Centrale Raad van Beroep

Datum uitspraak
24 februari 2016
Publicatiedatum
24 februari 2016
Zaaknummer
14/5701 ZW
Instantie
Centrale Raad van Beroep
Type
Uitspraak
Rechtsgebied
Bestuursrecht; Socialezekerheidsrecht
Procedures
  • Hoger beroep
Rechters
Vindplaatsen
  • Rechtspraak.nl
AI samenvatting door LexboostAutomatisch gegenereerd

Beoordeling van het recht op ziekengeld na beëindiging van het dienstverband en medische geschiktheid

In deze zaak heeft appellante hoger beroep ingesteld tegen de uitspraak van de rechtbank Noord-Nederland, die haar beroep tegen het besluit van het Uwv om haar ziekengeld te beëindigen ongegrond verklaarde. Appellante was werkzaam als medewerker verzorging en meldde zich ziek op 18 maart 2011 met nek-, schouder- en rugklachten. Haar dienstverband eindigde op 15 december 2011. Na een beoordeling door een verzekeringsarts werd appellante per 21 mei 2012 geschikt geacht voor haar laatst verrichte arbeid, waarna het Uwv besloot dat zij geen recht meer had op ziekengeld. Appellante betwistte dit besluit en voerde aan dat haar klachten onvoldoende waren meegewogen door de artsen van het Uwv.

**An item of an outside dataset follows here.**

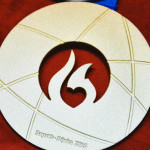 Karate natjecanje (3)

De Centrale Raad van Beroep heeft de zaak beoordeeld en vastgesteld dat de rechtbank terecht oordeelde dat het bestreden besluit in stand kon blijven. De Raad oordeelde dat de artsen van het Uwv hun oordeel op inzichtelijke wijze hadden gemotiveerd, met inachtneming van de beschikbare medische informatie. De Raad concludeerde dat de klachten van appellante niet medisch gefundeerd waren om arbeidsongeschiktheid vast te stellen. De informatie van de behandelaars bevestigde eerder het standpunt van het Uwv. De Raad heeft het hoger beroep van appellante afgewezen en de uitspraak van de rechtbank bevestigd.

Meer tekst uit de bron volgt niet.